So I quickly re-patched the machine and set Audicity for mono recording and restarted the tape. I then sat back in my studio chair and marveled at the rich tonal quality of something recorded over 25 years ago. It took me back, way back. This tape sounded much better than some of my old air checks recorded on a studio “Maggie” in the 60s or on an Ampex AG440 in the 70s. Mind you, I am not knocking either of those machines, but there were some neat advances in tape technology that came along since those machines were in their heyday. I don’t know what machine up at Leslie Billy used to record the liners but it clearly was a top quality well maintained recorder.

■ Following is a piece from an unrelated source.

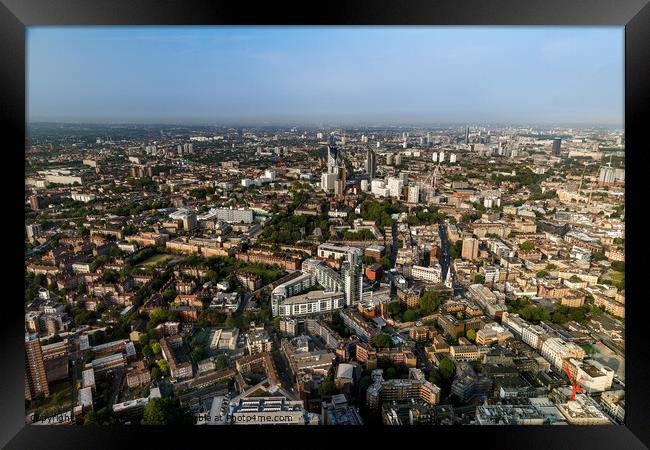 panorama of London from The Shard Framed Print by Chris Mann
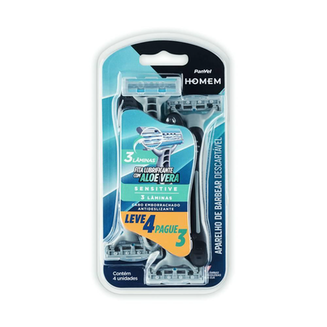 Imagem do produto Aparelho De Barbear Descartavel Sensitive 3Laminas Panvel Homem Pack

All I could do was sit back with my eyes closed and think; “This is REAL radio!” No, this is not WABC in New York, CKLW in Windsor, Canada, or even KRLA or KHG in Los Angeles. This was medium to small market AM radio which was the hometown “go-to” spot on the dial that was the “social media” of the day. Images of the control rooms in my past flashed across my memory, aided by the slight smell of chromium oxide that drifted across the studio from the machine as the tape slid across the heads. I saw the big 16 inch RCA transcription turntable forever spinning at 45 RPM by that big old electric motor mounted in the console below at WCOS, the late afternoon sunlight drifting past the 4’ by 8’ glass windows of the remote studio at Doug Broome’s on Two Notch Road, the three 440’ towers in the field outside the picture window in the back of the studio at WIS radio and that iconic swimming pool at WAPE out the side window and through the glass in front of the board. To be completely honest, I never worked for the Big Ape, but I did get a chance to sit at that iconic Brennan console.

I even felt the warmth of the sunlight on my neck and back in the WUSC-FM control room on a cool winter’s day. That was just last week! Yes, this was real radio.

At my age, there are a great number of memories. So many that you don’t get a chance to remember something specific until something like digitizing an old tape triggers it. Thank you Billy, Ed and Cassie for another pleasant memory. Oh MY!